The white-knight bid, which the companies valued at C$3.9 billion ($3.5 billion) when it was announced last week, would see Yamana and Agnico take joint control of most Osisko assets, and spin out some exploration properties into a new entity.
The battle for Osisko, which came after a string of disappointing acquisitions and a plunge in the price of gold brought mining deals to a near-standstill, underlined the shortage of top-class gold assets in politically stable jurisdictions.
Canadian Malartic, located in Quebec, reached commercial production in May 2011. In 2013 it produced 475,277 ounces.
Vancouver-based Goldcorp said in a brief statement it would not raise its bid for Montreal-based Osisko and would let the offer expire on April 22.
“We stated from the beginning of this process that we would remain disciplined with respect to our offer to acquire Osisko, and our decision not to amend the offer is consistent with that commitment,” Goldcorp Chief Executive Chuck Jeannes said in the statement.
Goldcorp Chairman Ian Telfer told Reuters in March that the miner would rather walk away from the bid than overpay.
Toronto-based Yamana has mines in Brazil, Mexico, Chile and Argentina, and Canadian Malartic would be its first major asset in Canada.

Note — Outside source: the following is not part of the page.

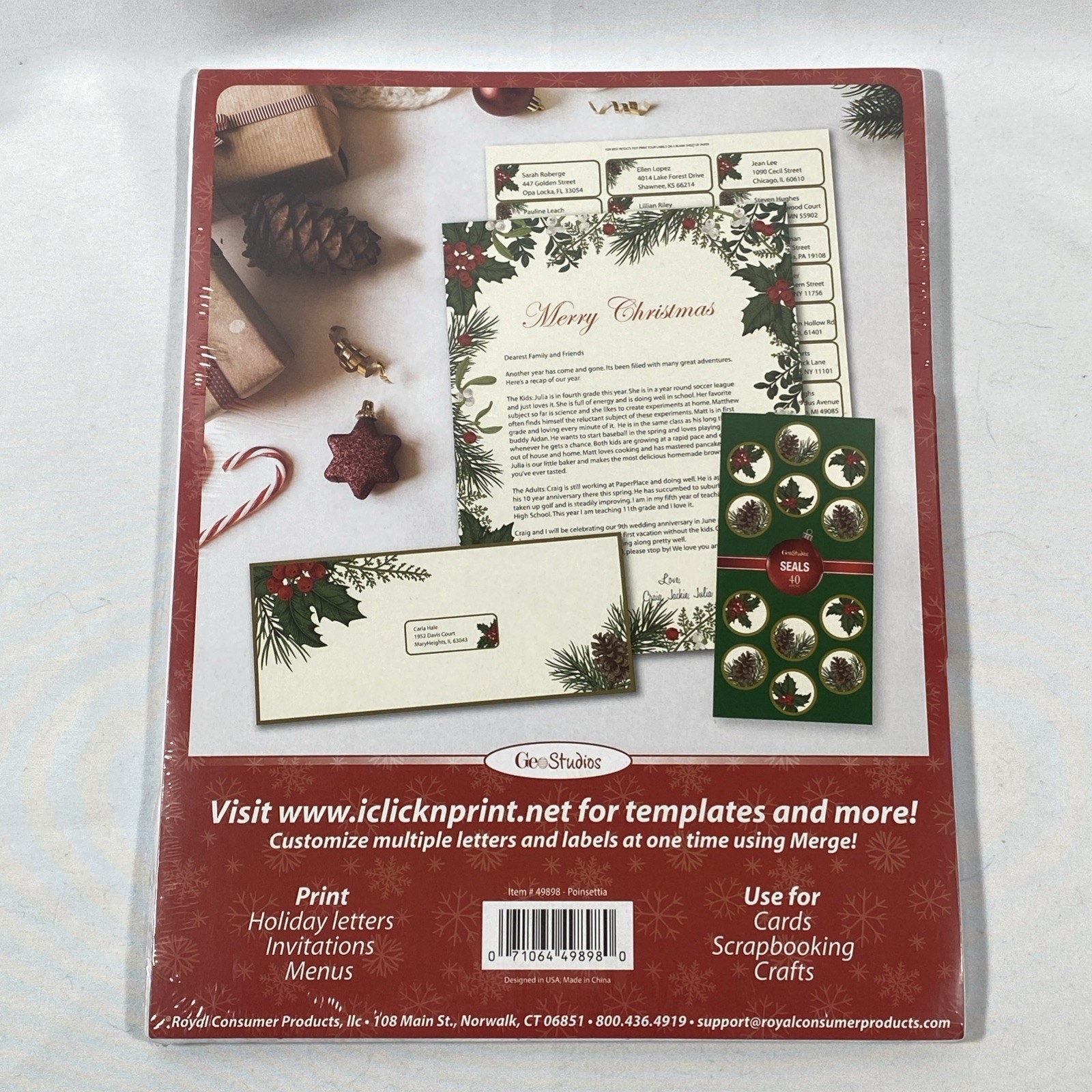 Geo Studios Holiday Design Printer Paper Christmas Letter 70 Sheets Cardinal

Agnico already has extensive operations in Quebec. The deal would likely improve its production and cost profile.
For each share they own, Osisko investors are set to receive
C$2.09 in cash, 0.26471 of a Yamana common share, 0.07264 of an Agnico Eagle common share, and one share of the new Osisko, which the companies estimated would be worth C$1.20.
Shares of Yamana were down 5.3 percent at C$8.30 on Monday afternoon, and Agnico was off 5.3 percent at C$29.61. Osisko shares were down 5.9 percent at C$7.53.